This past summer, as part of UPenn’s Summer Science Academy Program, 12 high school students along with James Aguirre, associate professor in the School of Arts & Sciences’ Department of Physics and Astronomy, turned an out-of-service TV satellite dish on the roof of the Enterprise Center in West Philadelphia into a 30-foot radio telescope. The telescope has been given the name “Philadelphia Community Radio Telescope.”
“Aguirre’s summer students first learned the basics of radio astronomy using home satellite dishes. The physical principles that allow them to collect radio waves and the electronics that amplify and manipulate them into pictures are the same, though size matters when it comes to what those pictures look like,” according to UPenn News.
“You end up getting a strip of sky that’s passing overhead. The idea is that we will make a website that shows what the telescope is looking at now, processing the signals being received in real time,” Aguirre said.
Partnering with the nonprofit organization, The Enterprise Center, was crucial in helping the students understand different electromagnetic waves that objects can emit.

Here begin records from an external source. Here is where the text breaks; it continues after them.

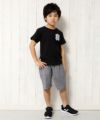 子供服 男の子 綿100％ロゴ＆ポケットマンモチーフ付きTシャツ ブラック(00) モデル画像4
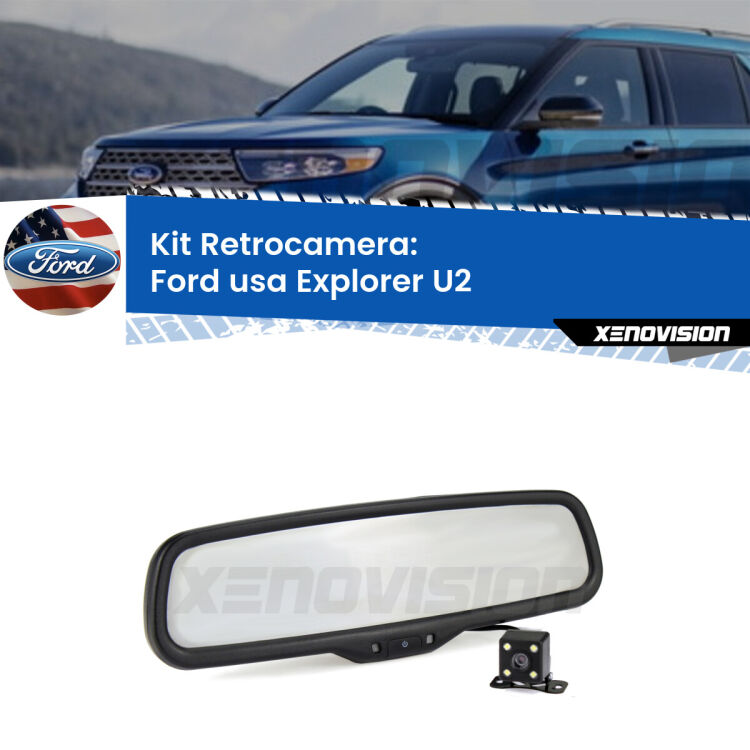 Kit Telecamera Parcheggio e Specchietto retrovisore con display invisibile per Ford usa Explorer U2. Spento è identico all’originale. In retromarcia, l’immagine appare in un riquadro prima invisibile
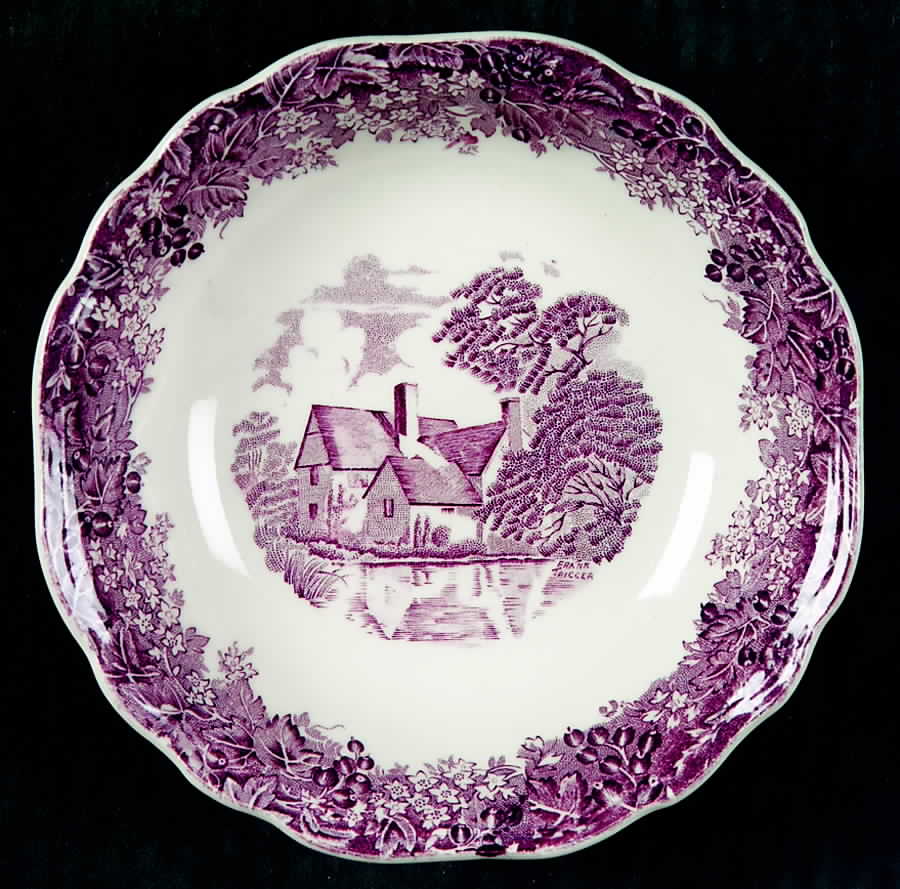 Romantic England Purple Fruit/Dessert (Sauce) Bowl by J & G Meakin-1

“Aguirre’s own research, recently bolstered by an NSF CAREER Award, involves using arrays of hundreds of small, stationary radio telescopes to probe the early universe. For his high-school students, simply processing the images and stitching them together to get a glimpse of radio-wave-emitting galaxies was a sufficient introduction,” according to UPenn News.

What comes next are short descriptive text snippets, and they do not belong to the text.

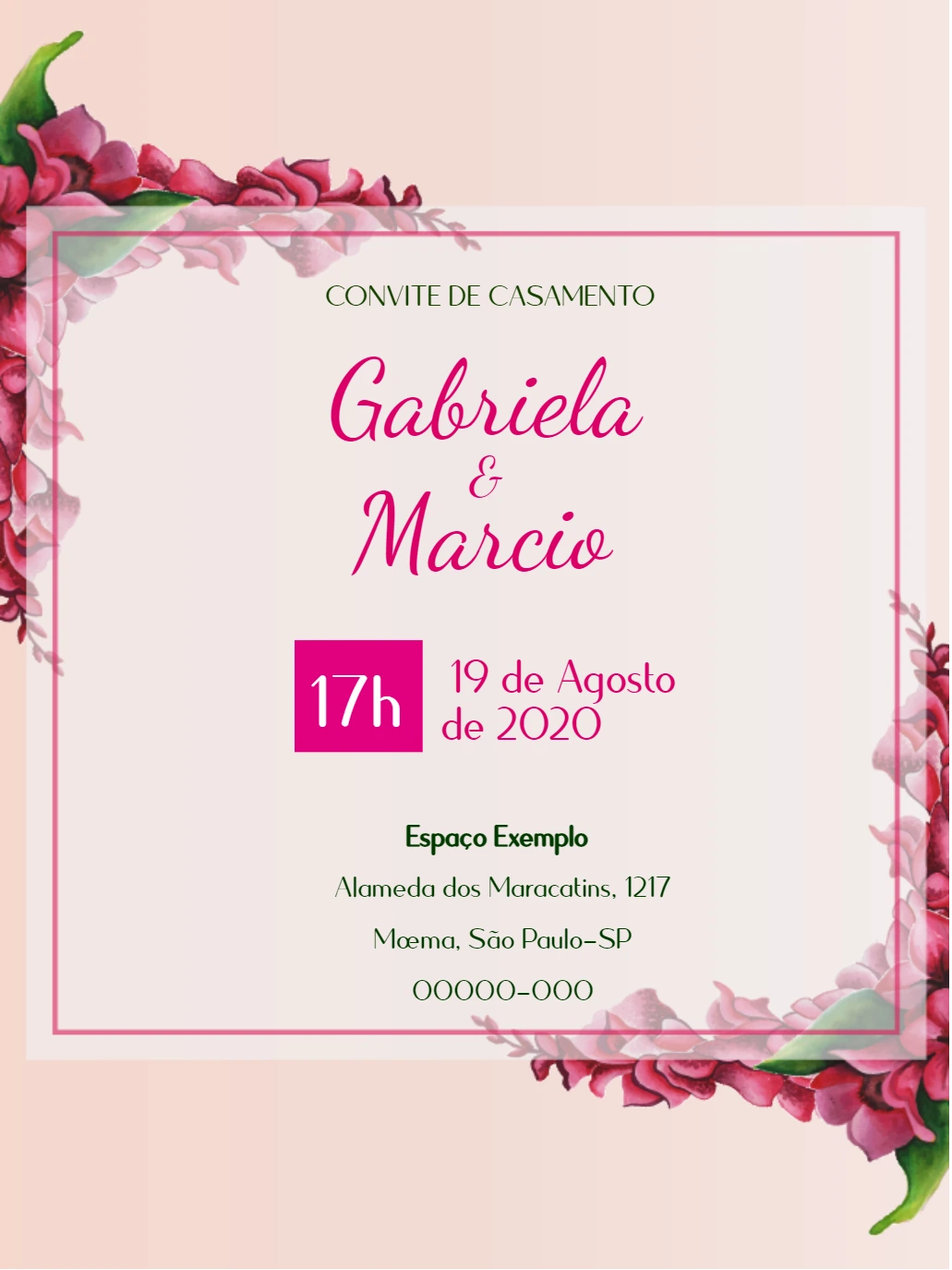 Convite de Casamento Floral Rosa para Editar e Imprimir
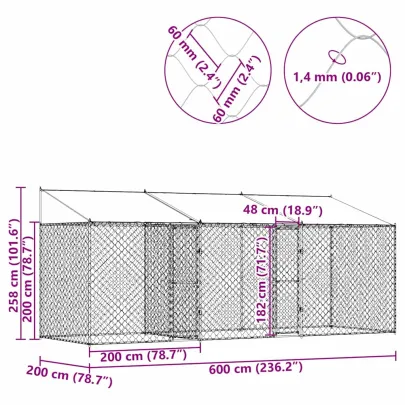 Cușcă Câini Mare Oțel Galvanizat pentru Exterior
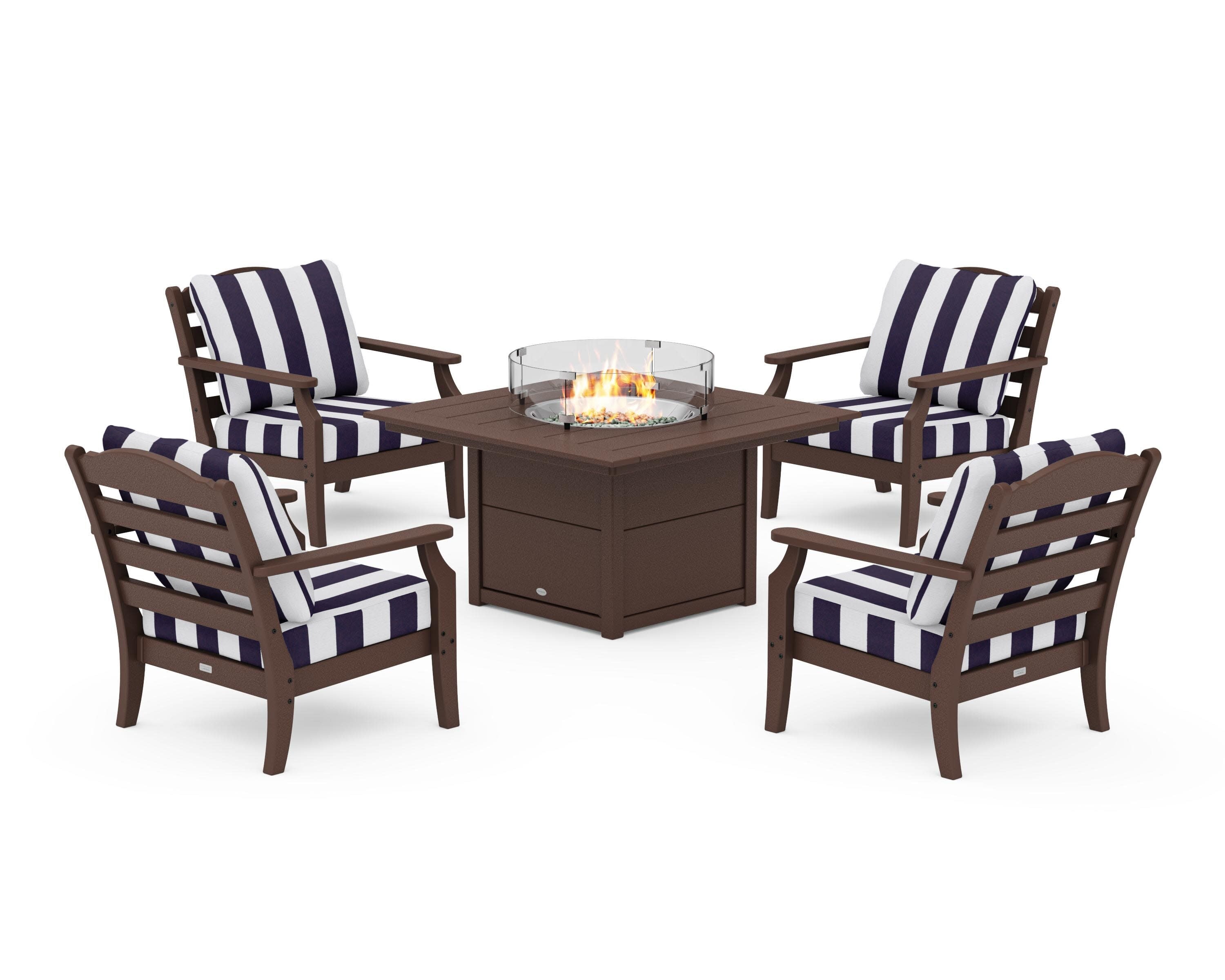 Savannah 5-Piece Deep Seating Set with Fire Pit Table in Mahogany / Cabana Stripe Navy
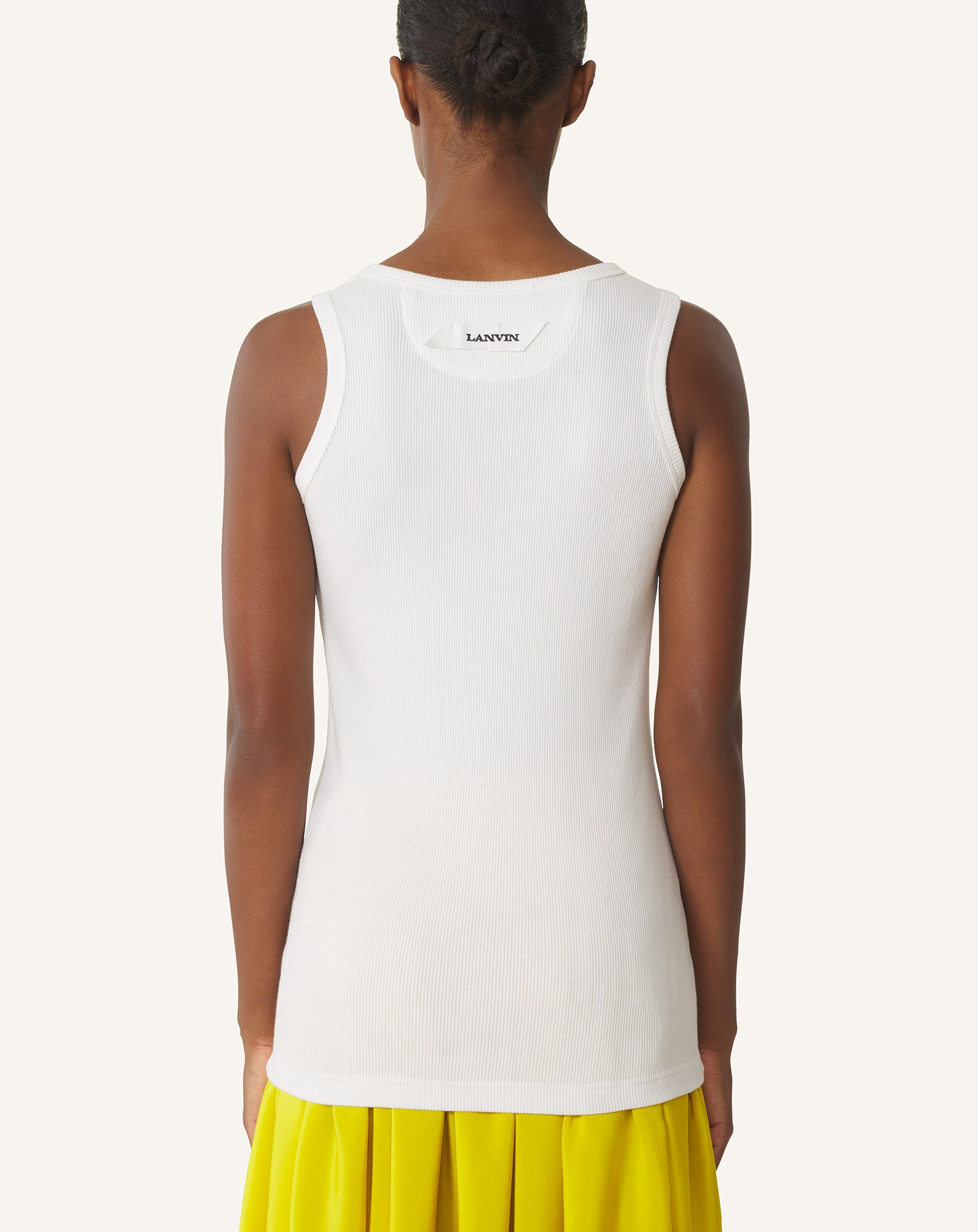WHITE MOTHER AND CHILD RIBBED TANK TOP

“The way that radio telescopes work, it’s hard to get good images. For example, I’ve taken students up to the roof of Rittenhouse Labs with a 10-inch optical telescope and taken great pictures of a supernova; you can get a lot of high-resolution information with relatively modest equipment. But because the wavelengths of radio are so much longer, you need something like a 30-foot dish to get images that actually look like something,” Aguirre said.

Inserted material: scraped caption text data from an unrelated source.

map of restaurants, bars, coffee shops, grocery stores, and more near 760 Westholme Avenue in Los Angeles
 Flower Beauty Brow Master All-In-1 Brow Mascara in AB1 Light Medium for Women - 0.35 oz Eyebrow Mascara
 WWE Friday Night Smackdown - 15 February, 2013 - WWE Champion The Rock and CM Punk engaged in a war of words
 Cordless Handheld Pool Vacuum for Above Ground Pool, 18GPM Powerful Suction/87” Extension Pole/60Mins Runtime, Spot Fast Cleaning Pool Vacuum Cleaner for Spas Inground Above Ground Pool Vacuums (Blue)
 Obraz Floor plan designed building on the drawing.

Aguirre is taking the radio telescope project on the road to help the astronomy club at the Boy’s Latin of Philadelphia Charter school build their own satellite dishes. He plans to increase science students’ access to astronomy tools in the country.
“We wanted to make it so anyone can plug their electronics into either the big dish or the little portable ones. They can use it for undergraduate or high school classes, as well as demos and science outreach events,” Aguirre concluded.